■ WORK TO COMPLETE
Retype each line below precisely and omit all images.

■ STORED DATA
○ ○ ○

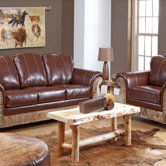 Saddle Me Up Leather Sofa and Chair Set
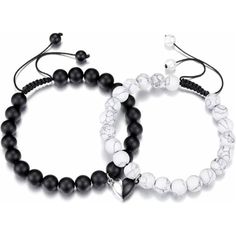 About This Item Matching Bracelets For Couples - This Couples Bracelets Comes With A Heart Which Will Attract Each Other And Stick Together When They Are Closed. It's Just Like Two People Who Hand In Hand And Heart In Heart. So Those Bracelets Are Very Suitable For Lovers, Friends And Family Members. Energy Beads Bracelet For Him/Her - The Black Beads Are Matte Agate Stone, Shows His Masculine And Energy, Could Help To Release Stress And The White Beads Are White Howlite, Shows Her Pureness And Matching Bracelets For Couples, Bracelets For Couples, Bracelet For Him, Relationship Bracelets, Half Heart, Couples Bracelets, Braided Rope Bracelet, Natural Stone Beads, Couple Bracelets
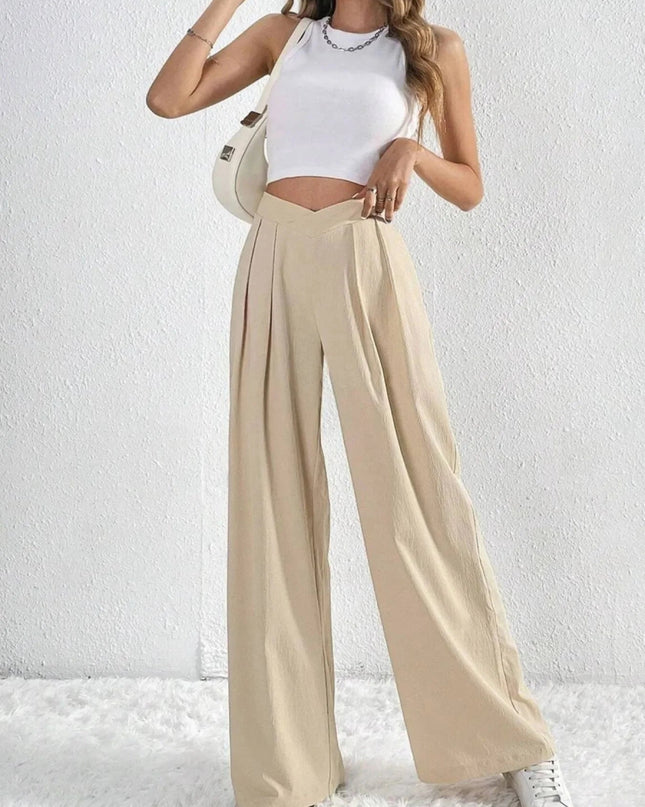 V - Waisted Ruched Front Wide Leg Pants - Trendsi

○ ○ ○

■ ANSWER SPACE
 Saddle Me Up Leather Sofa and Chair Set
 About This Item Matching Bracelets For Couples - This Couples Bracelets Comes With A Heart Which Will Attract Each Other And Stick Together When They Are Closed. It's Just Like Two People Who Hand In Hand And Heart In Heart. So Those Bracelets Are Very Suitable For Lovers, Friends And Family Members. Energy Beads Bracelet For Him/Her - The Black Beads Are Matte Agate Stone, Shows His Masculine And Energy, Could Help To Release Stress And The White Beads Are White Howlite, Shows Her Pureness And Matching Bracelets For Couples, Bracelets For Couples, Bracelet For Him, Relationship Bracelets, Half Heart, Couples Bracelets, Braided Rope Bracelet, Natural Stone Beads, Couple Bracelets
 V - Waisted Ruched Front Wide Leg Pants - Trendsi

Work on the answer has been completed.